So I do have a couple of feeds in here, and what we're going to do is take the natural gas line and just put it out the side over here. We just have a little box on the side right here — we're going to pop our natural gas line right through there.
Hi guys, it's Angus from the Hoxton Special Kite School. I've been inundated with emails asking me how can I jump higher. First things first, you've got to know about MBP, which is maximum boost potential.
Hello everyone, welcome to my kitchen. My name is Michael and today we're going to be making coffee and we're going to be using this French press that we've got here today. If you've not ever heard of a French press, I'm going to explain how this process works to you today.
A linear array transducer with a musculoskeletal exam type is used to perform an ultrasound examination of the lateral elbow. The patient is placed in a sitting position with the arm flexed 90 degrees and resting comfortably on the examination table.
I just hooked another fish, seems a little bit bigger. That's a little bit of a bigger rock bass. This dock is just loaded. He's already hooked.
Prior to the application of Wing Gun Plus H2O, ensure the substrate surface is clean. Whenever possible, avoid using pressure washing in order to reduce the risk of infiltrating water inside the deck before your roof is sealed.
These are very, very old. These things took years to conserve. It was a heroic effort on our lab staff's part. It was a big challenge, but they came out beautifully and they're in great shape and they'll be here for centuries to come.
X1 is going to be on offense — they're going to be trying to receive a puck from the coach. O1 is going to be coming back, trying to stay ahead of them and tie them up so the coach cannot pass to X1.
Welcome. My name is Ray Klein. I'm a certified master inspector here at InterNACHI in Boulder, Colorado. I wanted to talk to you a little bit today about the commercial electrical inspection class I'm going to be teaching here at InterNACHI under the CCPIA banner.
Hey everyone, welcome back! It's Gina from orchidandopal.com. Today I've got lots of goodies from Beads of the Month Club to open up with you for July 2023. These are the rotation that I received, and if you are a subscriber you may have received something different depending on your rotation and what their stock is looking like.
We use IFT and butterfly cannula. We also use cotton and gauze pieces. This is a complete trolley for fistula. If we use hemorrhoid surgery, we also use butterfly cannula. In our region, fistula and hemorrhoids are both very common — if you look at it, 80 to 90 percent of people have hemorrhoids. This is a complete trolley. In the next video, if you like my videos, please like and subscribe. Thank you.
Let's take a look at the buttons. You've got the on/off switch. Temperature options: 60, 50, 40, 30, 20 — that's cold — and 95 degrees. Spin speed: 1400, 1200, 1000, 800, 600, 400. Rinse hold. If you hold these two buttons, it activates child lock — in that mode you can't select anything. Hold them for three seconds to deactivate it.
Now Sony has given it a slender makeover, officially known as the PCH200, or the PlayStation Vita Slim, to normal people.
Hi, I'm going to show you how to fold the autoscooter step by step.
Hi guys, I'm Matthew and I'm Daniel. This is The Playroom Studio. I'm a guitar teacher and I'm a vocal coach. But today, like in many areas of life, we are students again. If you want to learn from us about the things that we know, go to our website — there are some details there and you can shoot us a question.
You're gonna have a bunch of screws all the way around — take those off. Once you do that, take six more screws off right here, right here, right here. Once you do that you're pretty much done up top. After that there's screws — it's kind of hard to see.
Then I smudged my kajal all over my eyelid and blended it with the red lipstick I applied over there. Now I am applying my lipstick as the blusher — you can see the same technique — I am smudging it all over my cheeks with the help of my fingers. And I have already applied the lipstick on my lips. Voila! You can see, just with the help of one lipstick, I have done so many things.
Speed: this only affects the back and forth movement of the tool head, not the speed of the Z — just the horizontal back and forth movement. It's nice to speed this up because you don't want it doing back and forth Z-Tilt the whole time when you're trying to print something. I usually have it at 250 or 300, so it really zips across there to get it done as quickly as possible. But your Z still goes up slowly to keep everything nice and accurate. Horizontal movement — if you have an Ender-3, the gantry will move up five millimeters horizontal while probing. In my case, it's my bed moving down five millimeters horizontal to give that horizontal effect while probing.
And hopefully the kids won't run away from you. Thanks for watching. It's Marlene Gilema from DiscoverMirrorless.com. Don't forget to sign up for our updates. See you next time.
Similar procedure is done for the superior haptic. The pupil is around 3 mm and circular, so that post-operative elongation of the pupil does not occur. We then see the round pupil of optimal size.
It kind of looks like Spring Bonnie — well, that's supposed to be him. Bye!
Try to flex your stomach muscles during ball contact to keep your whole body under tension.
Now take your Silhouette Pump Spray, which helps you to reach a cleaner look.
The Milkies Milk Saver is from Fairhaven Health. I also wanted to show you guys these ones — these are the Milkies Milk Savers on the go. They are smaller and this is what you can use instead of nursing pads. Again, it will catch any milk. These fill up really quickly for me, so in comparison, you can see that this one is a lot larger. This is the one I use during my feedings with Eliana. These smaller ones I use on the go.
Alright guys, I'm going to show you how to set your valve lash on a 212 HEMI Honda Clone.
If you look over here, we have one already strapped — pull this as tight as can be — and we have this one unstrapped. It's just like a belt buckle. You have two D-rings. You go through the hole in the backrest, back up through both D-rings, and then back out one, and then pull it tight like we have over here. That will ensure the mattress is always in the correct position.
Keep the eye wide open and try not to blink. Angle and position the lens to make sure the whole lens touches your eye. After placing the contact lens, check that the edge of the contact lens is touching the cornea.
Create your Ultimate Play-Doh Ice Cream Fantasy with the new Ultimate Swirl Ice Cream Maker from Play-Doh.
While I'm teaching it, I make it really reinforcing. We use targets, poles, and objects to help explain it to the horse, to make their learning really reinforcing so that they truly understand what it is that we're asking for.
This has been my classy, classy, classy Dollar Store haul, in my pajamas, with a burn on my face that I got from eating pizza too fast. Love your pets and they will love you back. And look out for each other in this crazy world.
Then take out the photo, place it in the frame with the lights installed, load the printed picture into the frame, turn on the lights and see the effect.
-=-=-=-=-
▶ _The task_
When you answer, output all of the material exactly as it appears above.

▶ _Written answer_
So I do have a couple of feeds in here, and what we're going to do is take the natural gas line and just put it out the side over here. We just have a little box on the side right here — we're going to pop our natural gas line right through there.
Hi guys, it's Angus from the Hoxton Special Kite School. I've been inundated with emails asking me how can I jump higher. First things first, you've got to know about MBP, which is maximum boost potential.
Hello everyone, welcome to my kitchen. My name is Michael and today we're going to be making coffee and we're going to be using this French press that we've got here today. If you've not ever heard of a French press, I'm going to explain how this process works to you today.
A linear array transducer with a musculoskeletal exam type is used to perform an ultrasound examination of the lateral elbow. The patient is placed in a sitting position with the arm flexed 90 degrees and resting comfortably on the examination table.
I just hooked another fish, seems a little bit bigger. That's a little bit of a bigger rock bass. This dock is just loaded. He's already hooked.
Prior to the application of Wing Gun Plus H2O, ensure the substrate surface is clean. Whenever possible, avoid using pressure washing in order to reduce the risk of infiltrating water inside the deck before your roof is sealed.
These are very, very old. These things took years to conserve. It was a heroic effort on our lab staff's part. It was a big challenge, but they came out beautifully and they're in great shape and they'll be here for centuries to come.
X1 is going to be on offense — they're going to be trying to receive a puck from the coach. O1 is going to be coming back, trying to stay ahead of them and tie them up so the coach cannot pass to X1.
Welcome. My name is Ray Klein. I'm a certified master inspector here at InterNACHI in Boulder, Colorado. I wanted to talk to you a little bit today about the commercial electrical inspection class I'm going to be teaching here at InterNACHI under the CCPIA banner.
Hey everyone, welcome back! It's Gina from orchidandopal.com. Today I've got lots of goodies from Beads of the Month Club to open up with you for July 2023. These are the rotation that I received, and if you are a subscriber you may have received something different depending on your rotation and what their stock is looking like.
We use IFT and butterfly cannula. We also use cotton and gauze pieces. This is a complete trolley for fistula. If we use hemorrhoid surgery, we also use butterfly cannula. In our region, fistula and hemorrhoids are both very common — if you look at it, 80 to 90 percent of people have hemorrhoids. This is a complete trolley. In the next video, if you like my videos, please like and subscribe. Thank you.
Let's take a look at the buttons. You've got the on/off switch. Temperature options: 60, 50, 40, 30, 20 — that's cold — and 95 degrees. Spin speed: 1400, 1200, 1000, 800, 600, 400. Rinse hold. If you hold these two buttons, it activates child lock — in that mode you can't select anything. Hold them for three seconds to deactivate it.
Now Sony has given it a slender makeover, officially known as the PCH200, or the PlayStation Vita Slim, to normal people.
Hi, I'm going to show you how to fold the autoscooter step by step.
Hi guys, I'm Matthew and I'm Daniel. This is The Playroom Studio. I'm a guitar teacher and I'm a vocal coach. But today, like in many areas of life, we are students again. If you want to learn from us about the things that we know, go to our website — there are some details there and you can shoot us a question.
You're gonna have a bunch of screws all the way around — take those off. Once you do that, take six more screws off right here, right here, right here. Once you do that you're pretty much done up top. After that there's screws — it's kind of hard to see.
Then I smudged my kajal all over my eyelid and blended it with the red lipstick I applied over there. Now I am applying my lipstick as the blusher — you can see the same technique — I am smudging it all over my cheeks with the help of my fingers. And I have already applied the lipstick on my lips. Voila! You can see, just with the help of one lipstick, I have done so many things.
Speed: this only affects the back and forth movement of the tool head, not the speed of the Z — just the horizontal back and forth movement. It's nice to speed this up because you don't want it doing back and forth Z-Tilt the whole time when you're trying to print something. I usually have it at 250 or 300, so it really zips across there to get it done as quickly as possible. But your Z still goes up slowly to keep everything nice and accurate. Horizontal movement — if you have an Ender-3, the gantry will move up five millimeters horizontal while probing. In my case, it's my bed moving down five millimeters horizontal to give that horizontal effect while probing.
And hopefully the kids won't run away from you. Thanks for watching. It's Marlene Gilema from DiscoverMirrorless.com. Don't forget to sign up for our updates. See you next time.
Similar procedure is done for the superior haptic. The pupil is around 3 mm and circular, so that post-operative elongation of the pupil does not occur. We then see the round pupil of optimal size.
It kind of looks like Spring Bonnie — well, that's supposed to be him. Bye!
Try to flex your stomach muscles during ball contact to keep your whole body under tension.
Now take your Silhouette Pump Spray, which helps you to reach a cleaner look.
The Milkies Milk Saver is from Fairhaven Health. I also wanted to show you guys these ones — these are the Milkies Milk Savers on the go. They are smaller and this is what you can use instead of nursing pads. Again, it will catch any milk. These fill up really quickly for me, so in comparison, you can see that this one is a lot larger. This is the one I use during my feedings with Eliana. These smaller ones I use on the go.
Alright guys, I'm going to show you how to set your valve lash on a 212 HEMI Honda Clone.
If you look over here, we have one already strapped — pull this as tight as can be — and we have this one unstrapped. It's just like a belt buckle. You have two D-rings. You go through the hole in the backrest, back up through both D-rings, and then back out one, and then pull it tight like we have over here. That will ensure the mattress is always in the correct position.
Keep the eye wide open and try not to blink. Angle and position the lens to make sure the whole lens touches your eye. After placing the contact lens, check that the edge of the contact lens is touching the cornea.
Create your Ultimate Play-Doh Ice Cream Fantasy with the new Ultimate Swirl Ice Cream Maker from Play-Doh.
While I'm teaching it, I make it really reinforcing. We use targets, poles, and objects to help explain it to the horse, to make their learning really reinforcing so that they truly understand what it is that we're asking for.
This has been my classy, classy, classy Dollar Store haul, in my pajamas, with a burn on my face that I got from eating pizza too fast. Love your pets and they will love you back. And look out for each other in this crazy world.
Then take out the photo, place it in the frame with the lights installed, load the printed picture into the frame, turn on the lights and see the effect.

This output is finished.